- Exercise materials
▼▼▼
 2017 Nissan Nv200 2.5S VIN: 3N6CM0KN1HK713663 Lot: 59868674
▲▲▲
▼▼▼
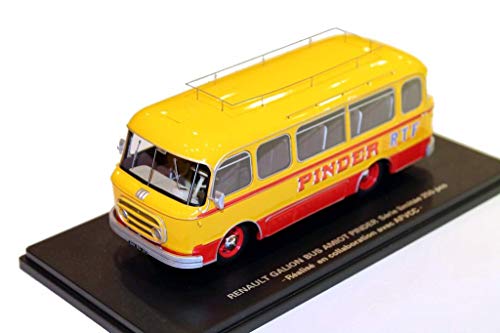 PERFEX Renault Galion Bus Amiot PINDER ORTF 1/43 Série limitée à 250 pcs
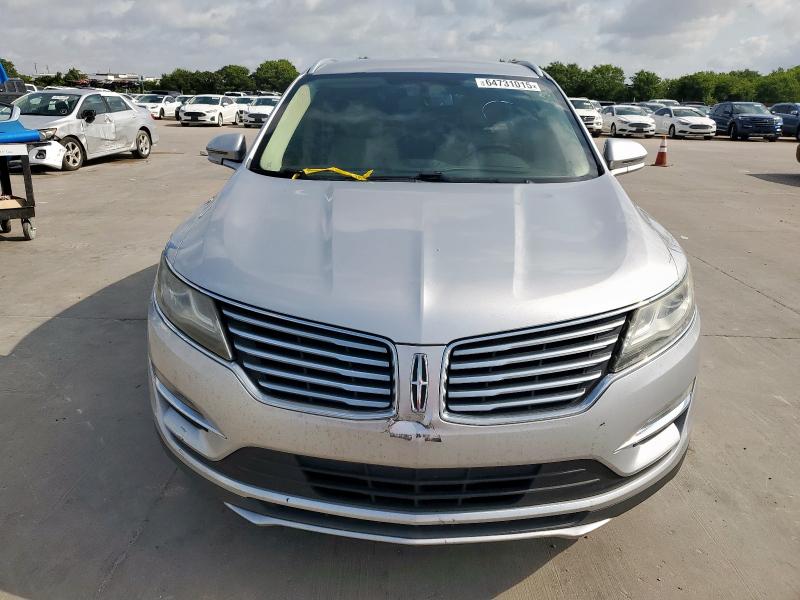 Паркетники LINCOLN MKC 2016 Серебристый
▲▲▲
Retype, exactly and with no pictures, everything above from the line with "PERFEX Renault Galion" down to the line with "Паркетники LINCOLN MKC 2016 Серебристый", both included.

- Result
 PERFEX Renault Galion Bus Amiot PINDER ORTF 1/43 Série limitée à 250 pcs
 Паркетники LINCOLN MKC 2016 Серебристый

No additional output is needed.